Response time to South Beach double sheriff's claim
Wait for deputy to get to priority call runs 15-17 minutes
STORY
The average time it takes a sheriff’s deputy to respond to a top-priority call from the area south of Castaway Cove on the barrier island turns out to be almost double the six minutes claimed by Sheriff Deryl Loar, and the response time if anything is getting longer rather than shorter, a Vero Beach 32963 analysis of records reveals.
Even worse, the response time – an average of more than 11 minutes – only counts the time between when a deputy is dispatched and when the sheriff’s patrol car arrives on the scene. The average time that elapses from the moment a 911 call comes in and the time a patrol car is actually dispatched to South Beach is an additional 5 minutes for top priority calls.
In March, the most recent month sampled by the newspaper and the height of the tourist season, the average total time it took for a deputy to arrive at a South Beach residence once a concerned or panicked resident called for help was 17 minutes.

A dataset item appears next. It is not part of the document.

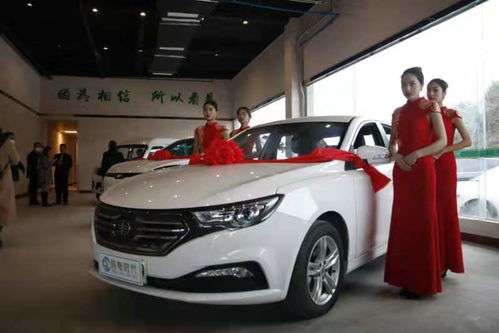 巴中能源汽车有多少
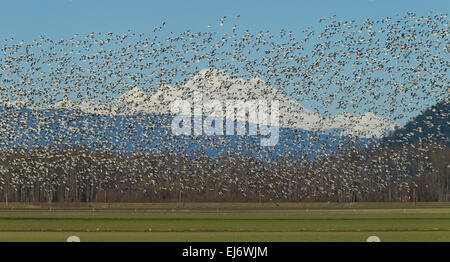 Flock of Snow Geese Flying, Fir Island, Skagit Valley, Washington Stock Photo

March was one of two random months the paper picked to examine. July 2012 also was sampled for emergency calls and that month’s total response time, from call to arrival, was 15.1 minutes.
The Vero Beach 32963 analysis of 640 pages of documents identified 64 top-priority calls from residents who live in the unincorporated county at the southern end of the barrier island – 29 calls last July, and 35 in March. These were not calls made to report a missing cat. They were what the sheriff’s office categorized as a “priority one” call.
Vero Beach 32963 requested the documents and conducted the analysis after Indian River County Sheriff Deryl Loar told a South Beach Property Owners Association meeting in April that the average response time for his deputies to get to a residence on the southern end of the island – where 20 percent of the time no car is on patrol – was six minutes for top priority calls.
After making the statement, Loar asked his assistant Jeff Luther, who was standing at the back of the room at The Moorings clubhouse, for confirmation. Luther, a public information officer for the department, said response times were actually about four minutes.
The records for July 2012 and March 2013, however, show otherwise.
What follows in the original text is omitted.